The Lubavitcher Rebbe explains that a bamah, platform, is something physically high that stands out as a separate entity from the ground it rests on. To ignore Hashem’s commands, for example, to disregard our obligation to pray and learn Torah every day, telling ourselves —  women especially — “I’m busy, Hashem knows what’s in my heart, He’ll understand,” or “it’s not my thing; I’m not good at it, He’ll understand,” is acting “bereft of sense.” If we don’t pray, learn, or do mitzvot, we create our own “bamoth” that separate us from Hashem. Hashem gifted the Torah to us; to accept it as our inheritance, we need to ascend, “go up the mountain,” to get closer to Him. Regularly occupying ourselves with Torah and mitzvos enables us to reach new heights in a holy way.

Rivkah Slonim

Education Director at the Rohr Chabad Center at Binghamton University

In an enigmatic passage the Talmud (Kidushin 31a-b) states: “It is possible for a son to serve his father a pasyoni (a delectable bird) and be punished for it. And for another son to put his father to work at a grindstone and be brought for this to the World to come.” Rashi explains: In the first case, the father asks his son where did you get this delicacy, and the son replies: “What do you care old man? Chew and eat!” While in the second scenario, when the king recruited the elderly father to work, the son said: “You stay here and grind and I will go in your place …” 
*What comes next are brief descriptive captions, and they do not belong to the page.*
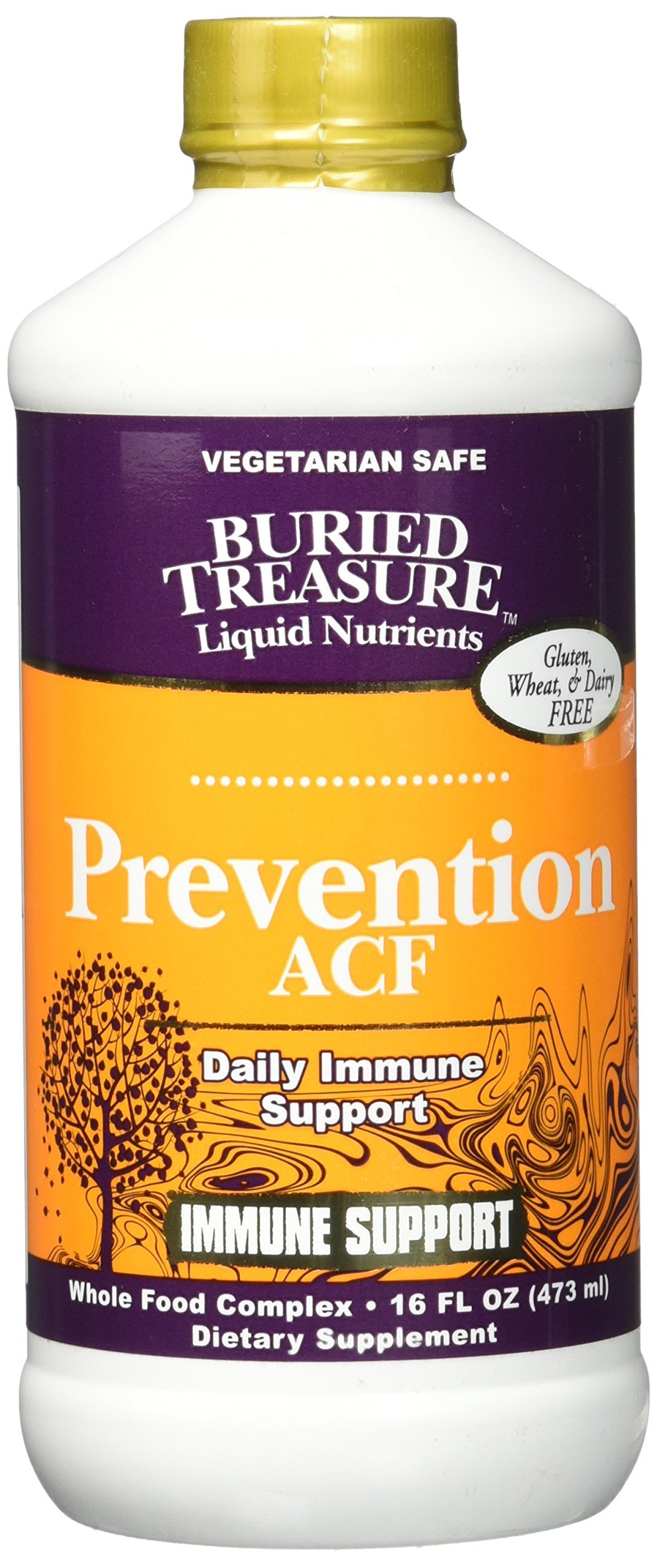 Amazon.com: Buried Treasure ACF Extra Strength, Extreme Immune Support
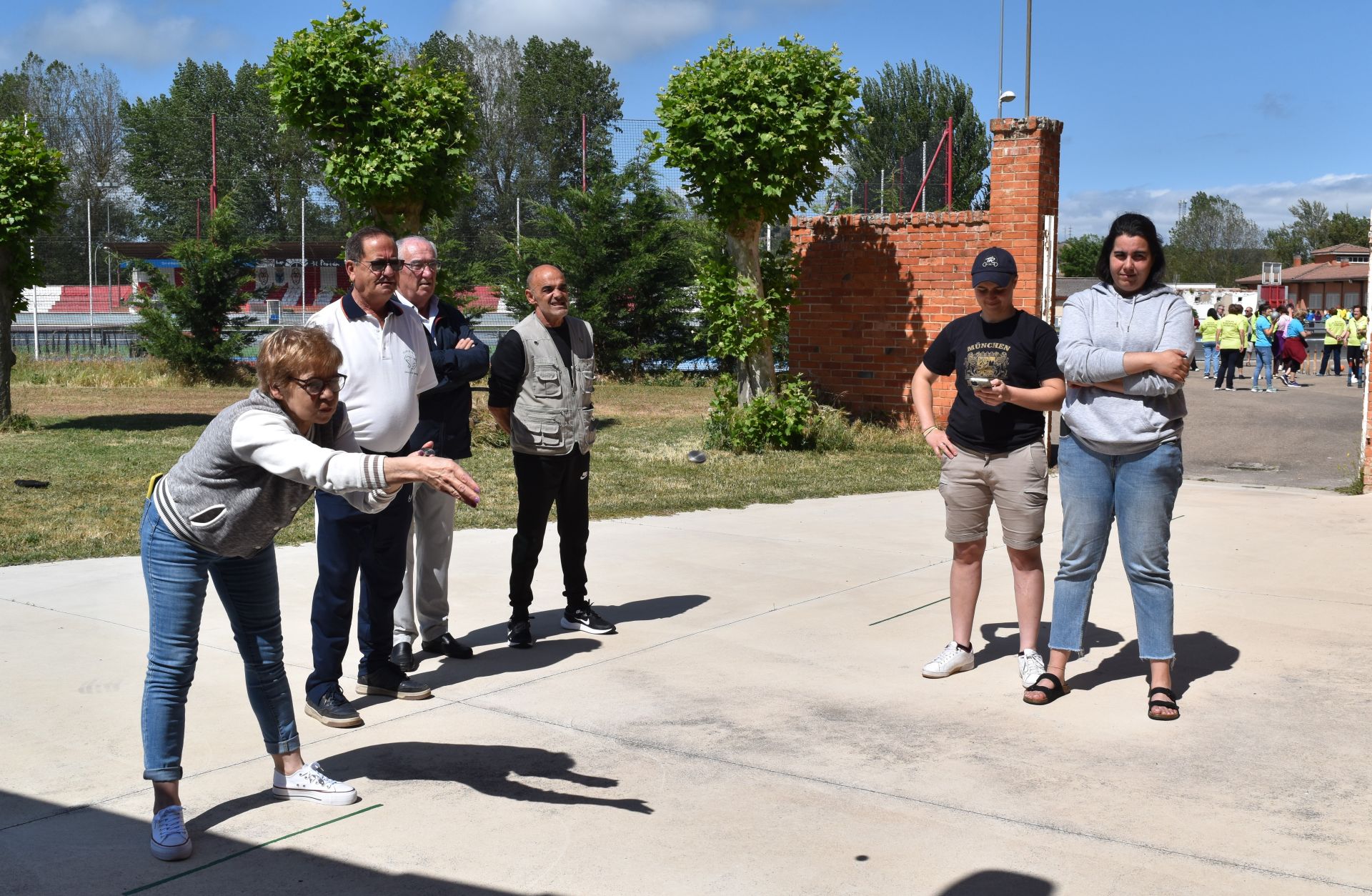 Finales de los juegos populares provinciales en Aguilar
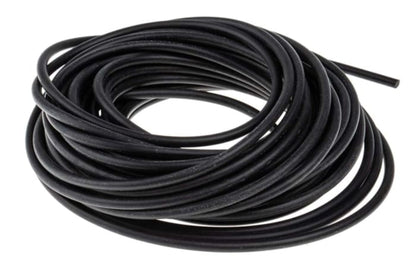 Aicon Nitrile Rubber Cord 10 Metres | Durable Oil and Chemical Resistant Sealing Rubber Cord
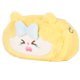 thumbnail image 3 of Lindo estuche para niñas, adolescentes, niños, felpa suave, papelería de dibujos animados, bolsa de maquillaje, bolsa de cosméticos con cremallera para la escuela, oficina, viajes, gato amarillo, 3 of 5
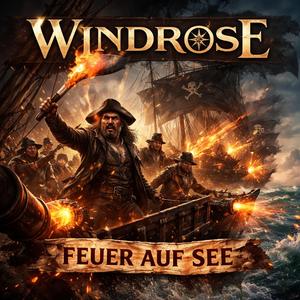 Windrose Feuer Auf See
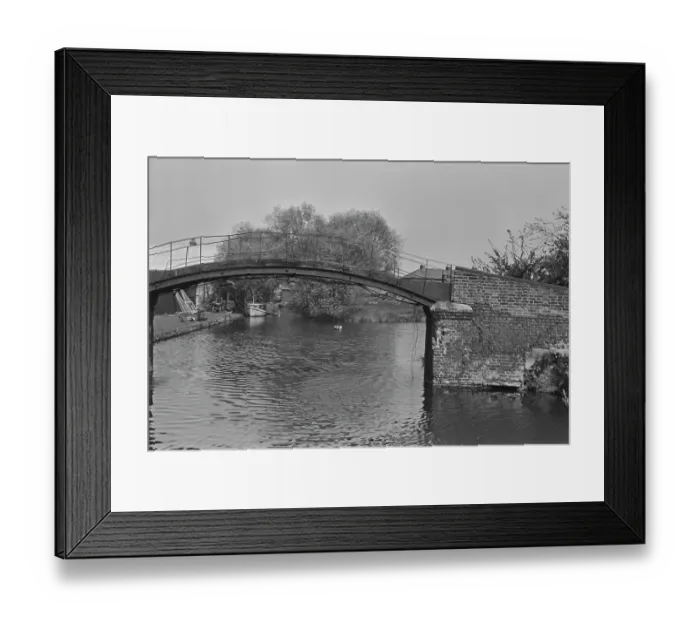 Framed Print : Grand Union Canal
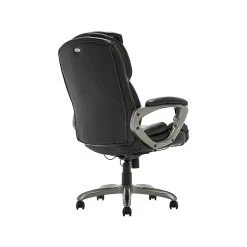 Serta My Fit Ergonomic Bonded Leather Swivel Executive Chair, Black (CHR100013) -Cheap The Flex Chair Store unnamed file 3298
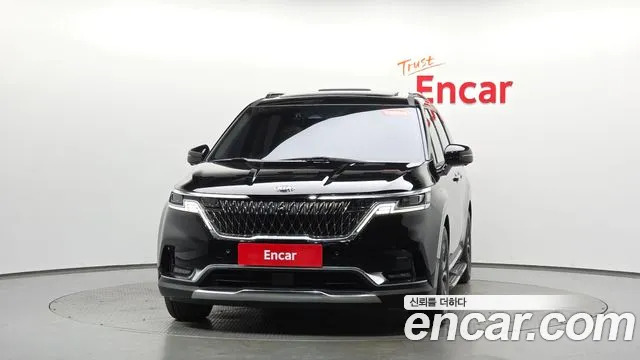 2021 Kia Carnival 4Generation 7-Seater Signature Sold VIN KNANE81BBMS038273 – dashboard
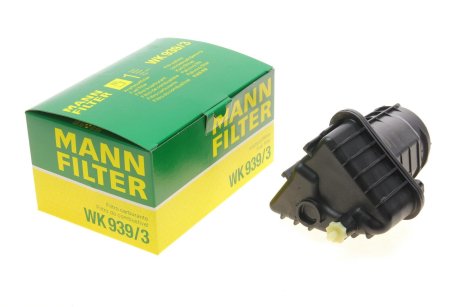 Топливный фильтр MANN WK 939/3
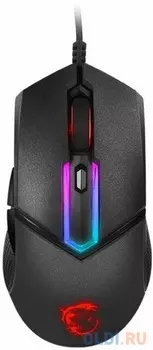Gaming Mouse MSI Clutch GM30, Wired, DPI 6200, RGB lighting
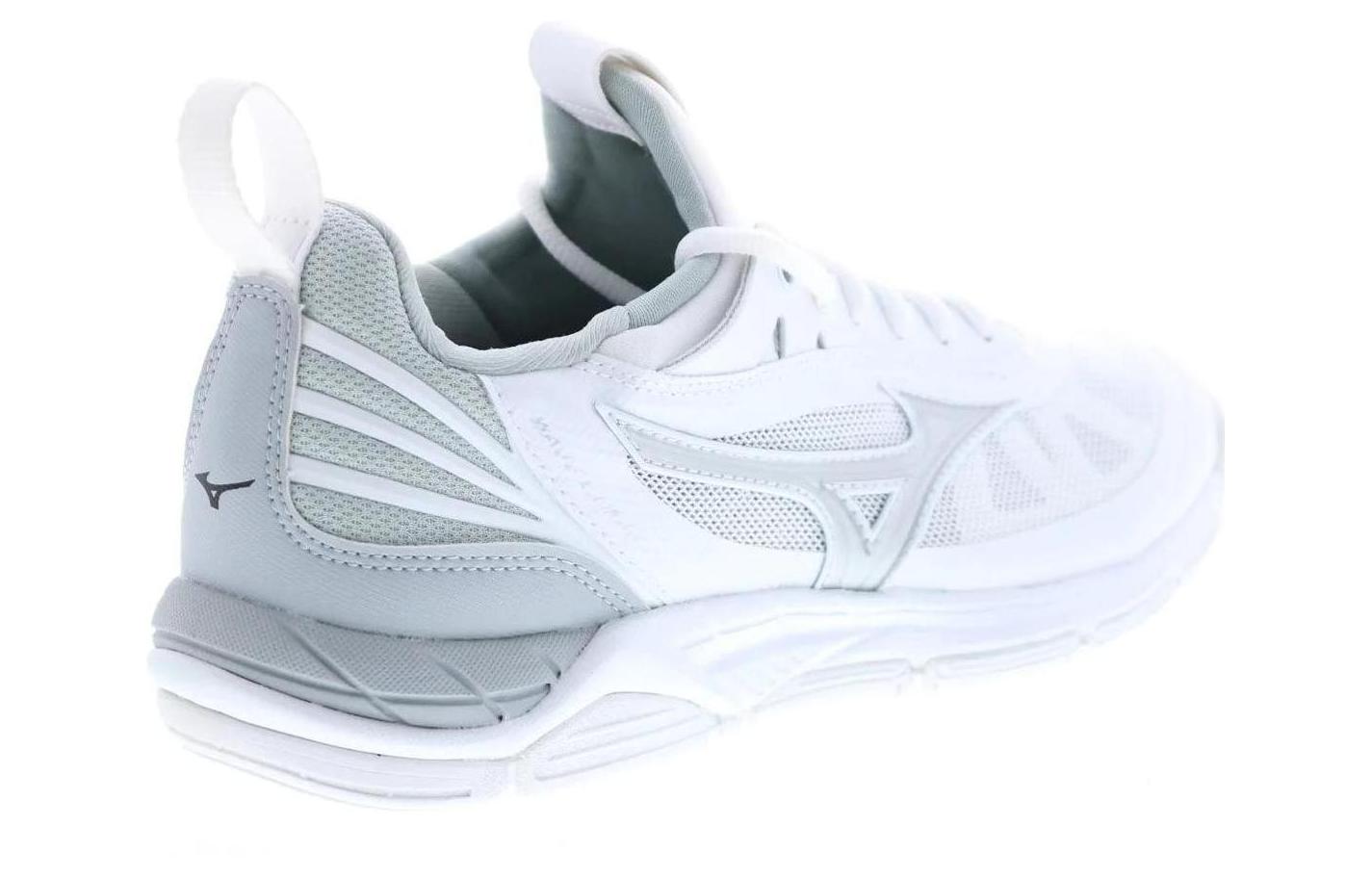 (WMNS) Mizuno Wave Luminous 'White Grey' V1GC182010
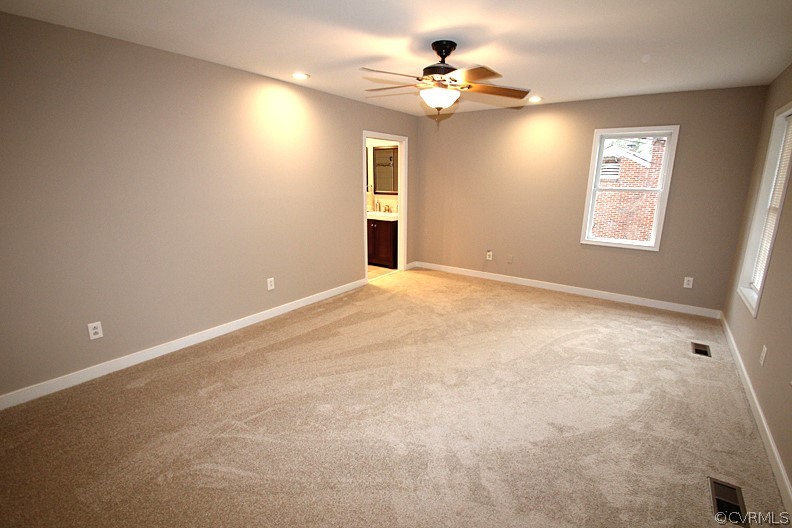 2809 Banbury Road Chester, VA 23831 - Photo 13 of 47 en view of an empty room with a window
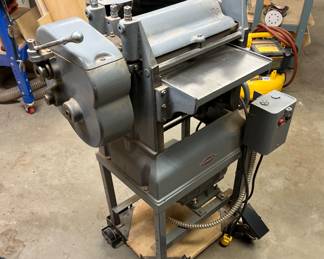 The famous Parks 12" planer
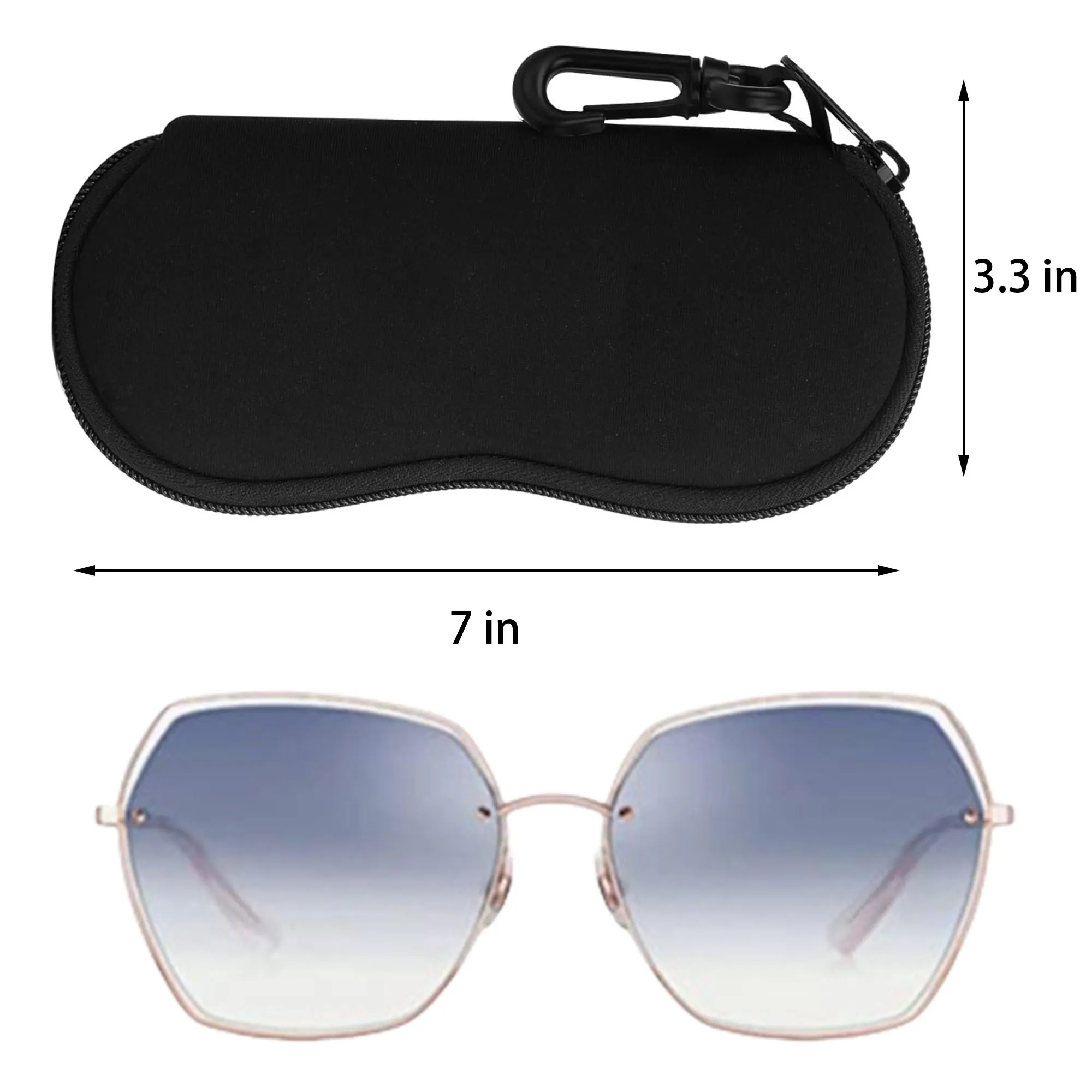 Eyeglass Case With Belt Clip 9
Simply put, context is pivotal. The value and meaning of what we do flows from why and how we do it. On the words: you rebelled … you acted wickedly … the Or Hachayaim Hakodosh comments: “You did not alight the mountain (to enter Canaan) in a show of faith in God, to rectify your previous sin of not hearkening on to the Divine command to go into the Land and conquer it. You went up in defiance, without humility, without seeking to redress your previous behavior. When God told you yes, you said no, and now when God says no, you say yes, we WILL go up.” 

It is not our actions alone but the intention that distinguishes the pedestrian from the mundane. It is tethering ourselves to the transcendent that makes the difference between going up and falling down.